# Beers and Slings



## am'z (Jul 16, 2015)

On Saturday early evening I had some nice time with my sling and my girlfriend.

We decided to go out and spend few hours sitting next to our river called Warta.

I decided to take my home made backstop and test out some 15mm steel balls with double thera band and new large leather pouch.

We had some laughs first and few *beers...*

Later I decided to finally start shooting.

After two successful shots I had the miss pleasure of finding that my steel ball during the shot, got somehow twisted in the pouch and bands... and while they passed the forks it came back to my fingers, as I was holding it with pistol grip. Fortunately the speed was decreased because of the returning motion after the fork pass, but still hurt like f***.

So remember guys:

*NEVER... I SAY NEVER MIX SLINGS WITH EVEN A DROP OF ALKOHOL.*

As I was definitely not drunk but it let me to relax to much and forget my safety rules and shooting procedure...

I was fortunate enough to not brake it, but the bleeding took almost 3 hours to maintain. As for the pictures. They were made minutes after the shot and cleaning my hand from blood. The swelling is pretty bad and I even can't tie my shoes...

We Poles used to say "Głupi to ma zawsze szczęście" - Stupid it is always lucky.

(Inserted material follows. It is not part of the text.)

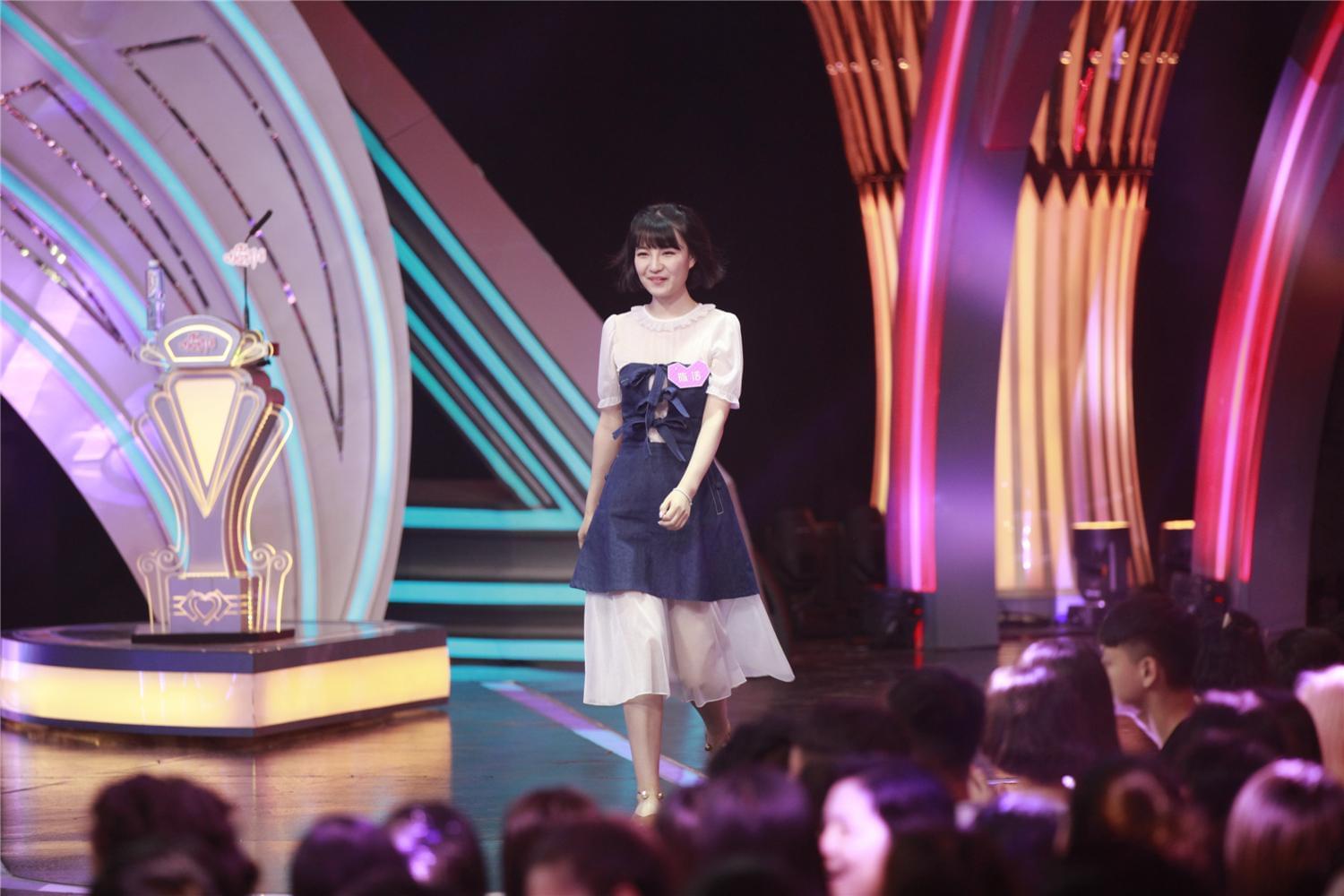 非诚勿扰朱晓 非诚勿扰朱晓和谁成婚了 非诚勿扰朱晓 非诚勿扰朱晓和谁成婚了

There for please be smart... as luck runs out...


----------



## Imperial (Feb 9, 2011)

am'z said:


> *NEVER... I SAY NEVER MIX SLINGS WITH EVEN A DROP OF ALKOHOL.*


 :iono: wha ? no drinking of alcohol ? but? how am i going to make targets ! ? :drinkup:

im a practitioner of drinking responsibly and taking chances.


----------



## wll (Oct 4, 2014)

am'z said:


> On Saturday early evening I had some nice time with my sling and my girlfriend.
> 
> We decided to go out and spend few hours sitting next to our river called Warta.
> 
> ...


am'z

This is a pretty serious post, and booze and shooting don't mix for sure. The twisting of a pouch/bands can lead to some serious trouble as you encountered. 15mm steel balls are about 212grns, that is a heavy ball that can be used on large game and has lots of momentum, especially when using double TBG like you were ...YIKES ! - you are very lucky you did not hurt yourself worse... glad you are OK.

wll


----------



## am'z (Jul 16, 2015)

Thanks mate. I'm staing with lower cal. and single bands for a while. As soon my hand recovers ofc.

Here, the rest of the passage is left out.